Figure 13 presents the instantaneous coherent vortex structures resolved by LES, reflecting the transient wake evolution and vortex shedding behavior of the three fan configurations. Vortex distributions across the blade surfaces show overall resemblances among the models, with vorticity chiefly clustered at the trailing edges, leading edges, and blade tips. In the baseline fan setup, a large-scale area of irregularly detached vortices forms in the region downstream of the blades, stemming predominantly from the trailing edges. The installation of struts at the blade leading edges gives rise to local flow vortices, enhancing both the number and spatial spread of vortices in the downstream area of these structures.

Compared with the initial model, a significant reduction in trailing edge vortex shedding is observed in models b and c. This suggests that the optimized struts help guide the incoming airflow radially, preventing large impacts on the blade surface, reducing the formation of large vortices, and thereby mitigating the noise caused by vortex shedding and flow turbulence. Furthermore, the non-aligned geometry of the optimized struts (such as Model c) introduces spatial phase shifts in the wake-strut interaction along the radial direction. This geometric variation effectively disrupts the phase coherence of the trailing-edge vortices. By decorrelating the vortex shedding process along the blade span, the large-scale coherent structures are broken down into smaller, out-of-phase eddies, which significantly weakens the constructive interference of pressure pulsations and reduces the radiated noise. The weaker vortex cores and reduced wake coherence observed in Model c indicate that the wake–strut interaction intensity is effectively reduced by the optimized geometry, which in turn lowers the strength of the dominant unsteady aerodynamic source.

Figure 14 further characterizes the spanwise coherence of the unsteady wake dynamics. In Model a, the near-unity correlation peak at zero delay indicates highly synchronized wake evolution along the span, implying strong coherent rotor–strut interaction. In contrast, Model c exhibits a much weaker correlation peak and an observable temporal shift, indicating that the optimized asymmetric strut geometry disrupts the synchronization of vortex shedding and weakens the coherence of the unsteady flow structures. The reduced spanwise correlation in Model c suggests weaker synchronization of rotor–strut interaction, which provides a plausible explanation for the attenuation of the BPF-related tonal peaks.

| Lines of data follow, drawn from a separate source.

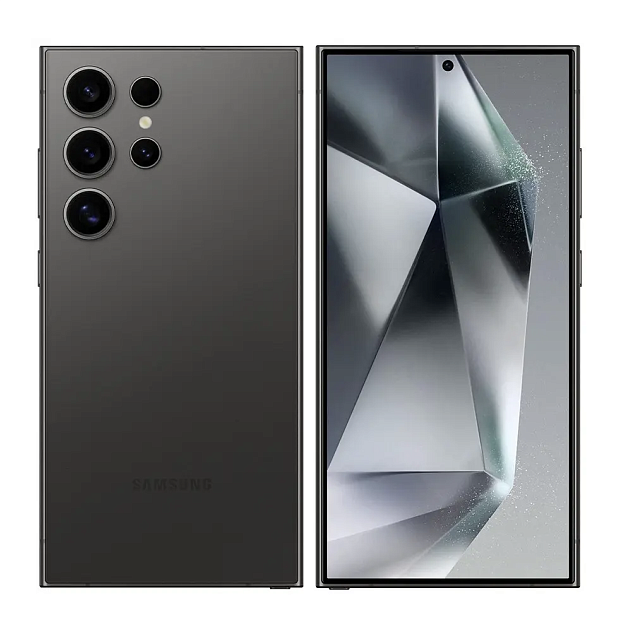 Смартфон Samsung Galaxy S24 Ultra 12/1024GB Черный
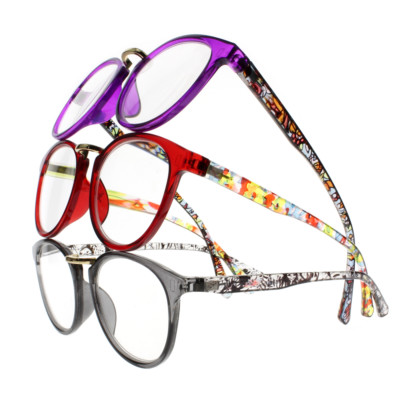 Oversize Frame Bohemian Stylish Eyewear Spring Hinges Reading Glass +1.0 ~ +4.0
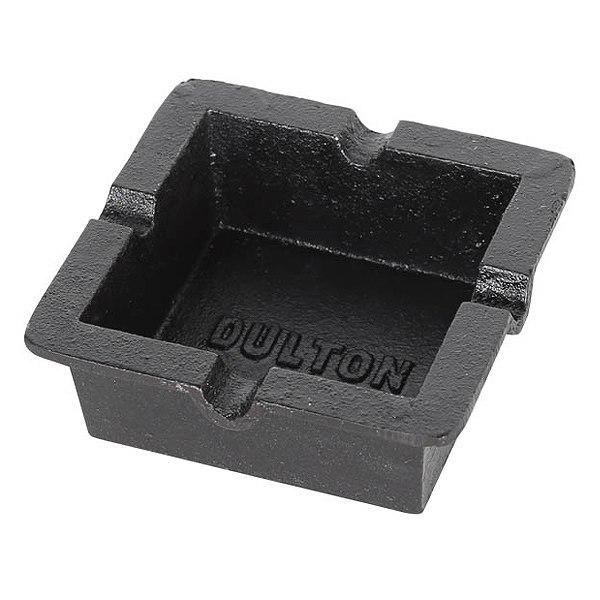 灰皿 ダルトン DULTON アイアン アシュトレイ ( 小物 入れ 卓上 屋外 アクセサリー キー 収納 喫煙具 おしゃれ ) 【 ブラック 】 ブラック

4.3. Analysis of Pressure Pulsation

To further characterize the unsteady aerodynamic response of the fan, transient pressure fluctuations were extracted at representative spanwise monitoring points and analyzed in the frequency domain. Monitoring points were positioned at 75% (blade tip), 50% (mid-span), and 25% (hub) along the blade height. These pressure signals directly reflect the unsteady aerodynamic loading induced by rotor–strut interaction and therefore provide a quantitative measure of transient flow intensity at different blade heights. A Fast Fourier Transform (FFT) was employed to process time-domain pressure pulsation data obtained from each monitoring point across the three fan configurations. It exhibited a consistent trend across all conditions: pressure pulsation amplitudes peak at the first blade-passing frequency (1 BPF), with the resulting spectra shown in Figure 15.

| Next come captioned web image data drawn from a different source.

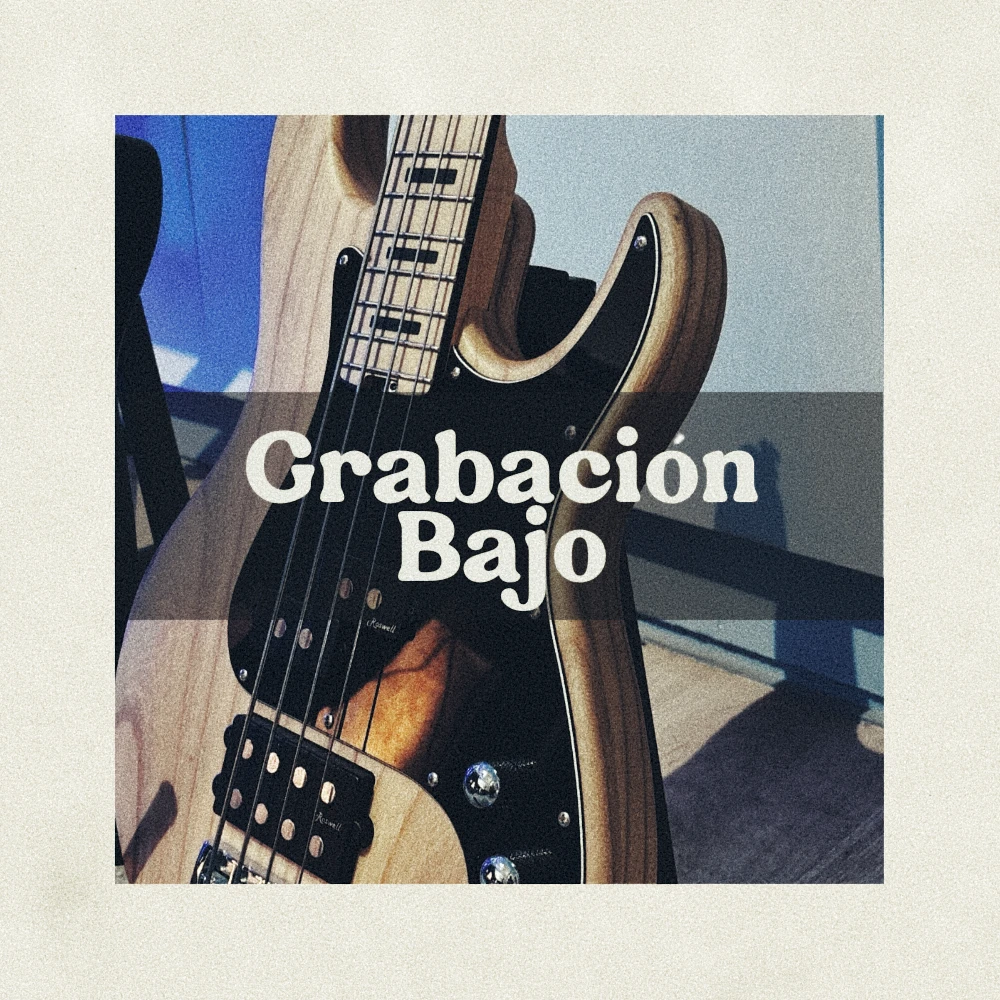 Grabación de Bajo Eléctrico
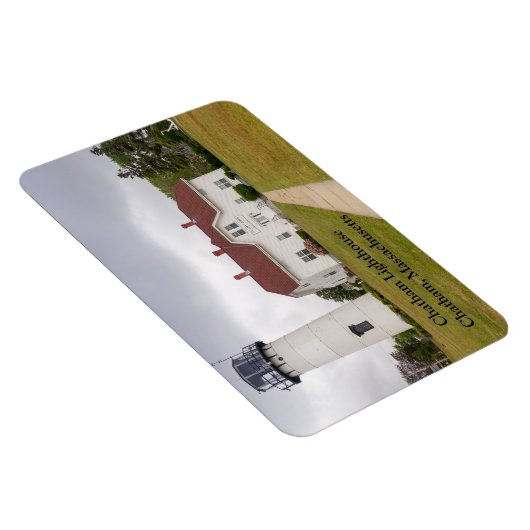 Chatham Lighthouse in Chatham Massachusetts Magnet (Rechte Seite)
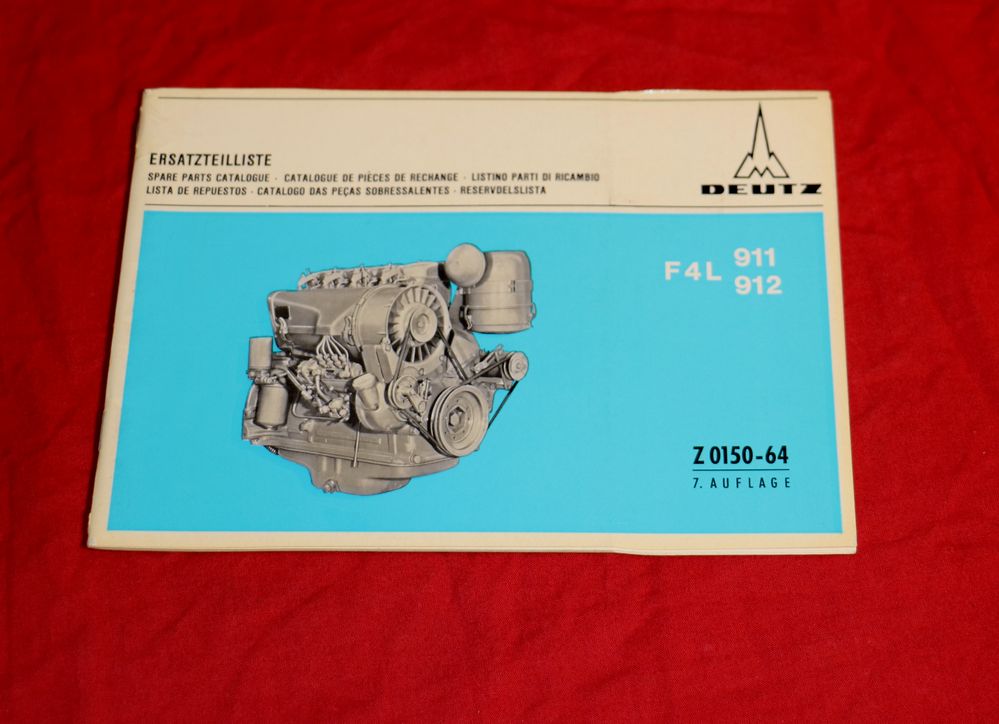 Deutz Motor F 4 L 911 , 912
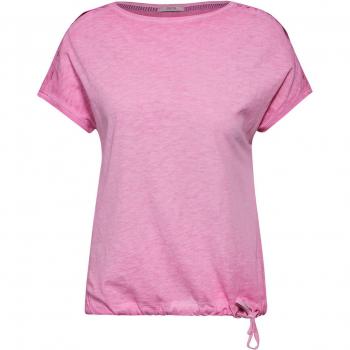Cecil T-Shirt mit Knotendetail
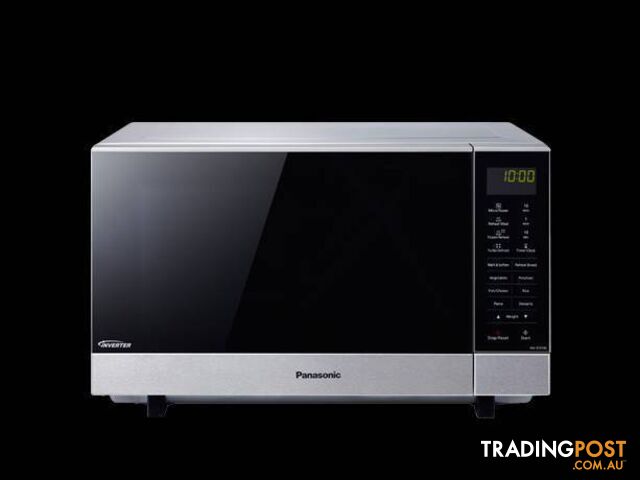 Panasonic 27L Inverter Microwave Oven--MODEL: NN-SF574S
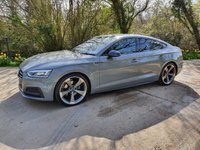 USED 2020 20 AUDI A5 2.0 SPORTBACK TFSI BLACK EDITION 5d 188 BHP ZERO DEPOSIT FINANCE AVAILABLE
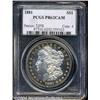 Image 1 : 1881[S$1] PR62 Cameo PCGS.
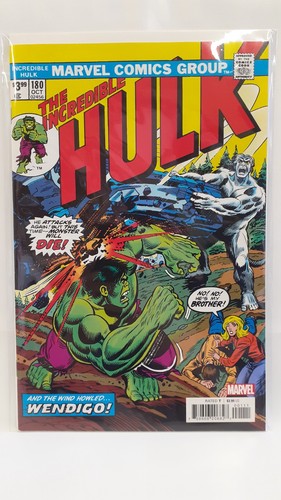 The incredible hulk 180 vf - hulk, #180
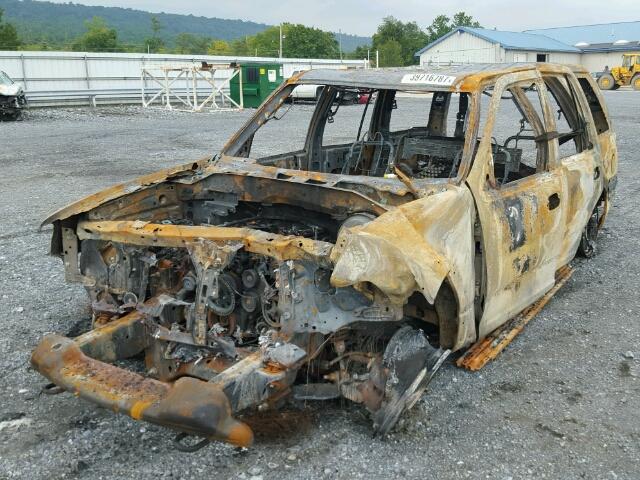 1FMFU20596LA77720 - 2006 FORD EXPEDITION BURN photo 2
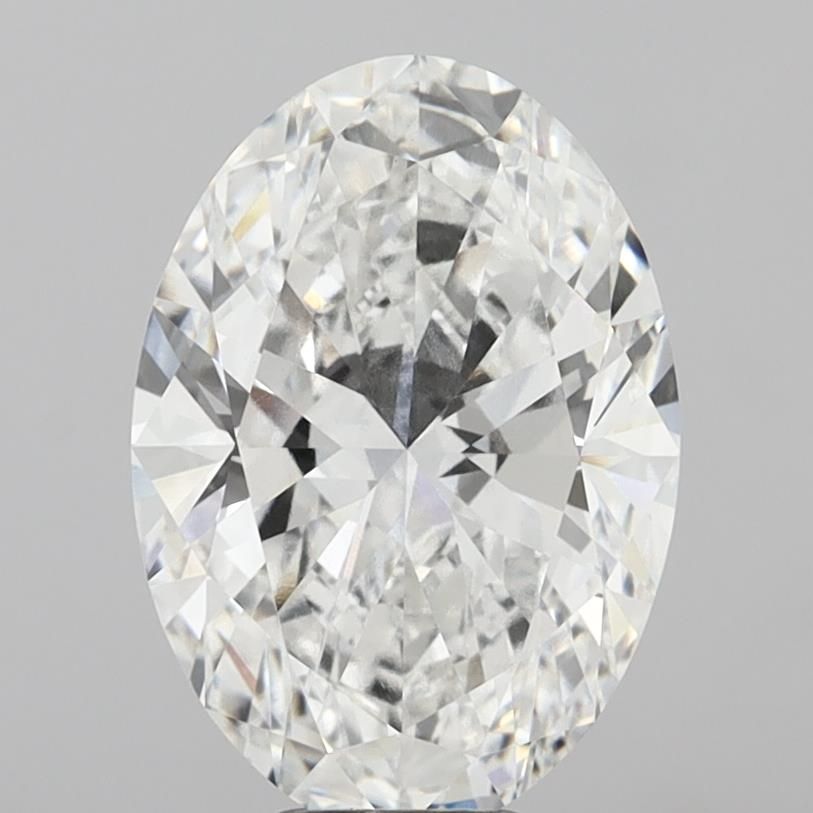 8.00 ct. oval Lab Grown Diamond front image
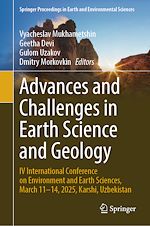 Télécharger le livre :  Advances and Challenges in Earth Science and Geology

A clear spanwise dependence is observed in the pressure fluctuation amplitude. The pressure pulsations gradually decrease from the blade tip toward the hub, indicating that the tip region is the most sensitive area to unsteady aerodynamic excitation. At Monitoring Point 1 near the blade tip, Models b and c reduce the pressure pulsation amplitude by 1.6% and 14.1%, respectively, relative to Model a. This trend is fully consistent with the flow-field observations in Section 4.2, where Model c exhibits a lower inlet TKE peak and weaker coherent vortex shedding in the main flow region. Therefore, the attenuation of pressure pulsation is a direct consequence of the improved internal flow stability induced by the optimized strut geometry. Model c achieves the strongest suppression because its non-aligned three-pronged topology simultaneously reduces local blockage, weakens coherent wake impingement, and distributes the interaction more unevenly along the span, thereby lowering the amplitude of periodic pressure loading more effectively than the other two configurations.

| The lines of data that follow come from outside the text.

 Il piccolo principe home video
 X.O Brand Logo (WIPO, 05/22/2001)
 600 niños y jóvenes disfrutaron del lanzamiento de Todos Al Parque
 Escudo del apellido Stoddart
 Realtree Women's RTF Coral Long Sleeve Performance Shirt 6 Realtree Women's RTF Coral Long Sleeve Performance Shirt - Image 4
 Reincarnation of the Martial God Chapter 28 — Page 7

The present results are qualitatively consistent with the general understanding that periodic rotor–strut interaction is responsible for tonal peaks at the blade-passing frequency and its harmonics. The stronger suppression achieved by Model c can be attributed to the weaker periodic pressure loading and reduced wake coherence produced by the optimized strut geometry. Therefore, the reduction in pressure pulsation amplitude, especially near the blade tip, provides a direct physical explanation for the attenuation of BPF-related tonal noise. This interpretation is also in line with previous studies on rotor–strut interaction noise, which have shown that weakening wake coherence and reducing unsteady loading amplitude are effective routes for suppressing tonal noise at the blade-passing frequency.

5. Conclusions

Analysis of the internal flow characteristics, particularly the distribution of TKE, revealed the inhomogeneous nature of the internal flow field. A rational relative layout between the struts and blades enabled more uniform dispersion of high-velocity airflow, minimizing forced flow separation. In Model c, the non-aligned, three-pronged geometry effectively alters the local aerodynamic blockage and the subsequent wake development. Unlike Model a, whose symmetric bluff-body features induce severe stagnation and immediate downstream flow separation, the topology of Model c forces the incoming air to be guided radially. This spanwise redistribution of flow momentum effectively circumvents the abrupt accumulation of turbulent kinetic energy (TKE) at the strut leading edges, yielding a 30% reduction in peak inlet TKE compared to Model a. Consequently, by mitigating this initial forced separation, Model c significantly suppresses the intensity of the unsteady rotor-wake interaction, proving that topology-driven flow uniformity is a critical prerequisite for aerodynamic noise abatement.

Pressure fluctuation characteristics exhibited distinct frequency and spatial differences among the three configurations. Compared with Model a, Model c showed a clear reduction in pressure pulsation amplitude, especially near the blade tip, indicating weaker unsteady aerodynamic loading in the main flow region. This trend is consistent with the observed reduction in wake coherence and trailing-edge vortex intensity. The gradual reduction in pressure amplitude demonstrated that structural improvements suppressed unsteady tip flow, enhanced the stability of the internal flow field, and reduced the potential for vibration and noise radiation induced by pressure pulsations. These results indicate that the reduction in unsteady pressure loading, especially near the blade tip, is directly associated with the attenuation of tonal noise emission in the BPF and harmonic bands

Experimentally validated numerical simulations, using the Proudman index, identify blade trailing edges as key acoustic power sources, highlighting the criticality of optimizing inlet/outlet airflow diffusion. Dominant noise arises at the BPF and its first harmonic, with Model C achieving a 6.7 dB reduction in peaks within these bands.

Structural optimization of struts enables synergistic control over turbulence distribution, vortex shedding, and pressure fluctuations, driving significant noise reductions in BPF and harmonic ranges. These findings provide theoretical and practical foundations for enhancing axial fan aerodynamics via multi-physics coupling analyses. Future work should extend to broader operating conditions, refine quantitative links between unsteady flows and noise radiation, and explore the engineering scalability of such optimizations—ultimately advancing axial fan design toward lower noise and higher stability.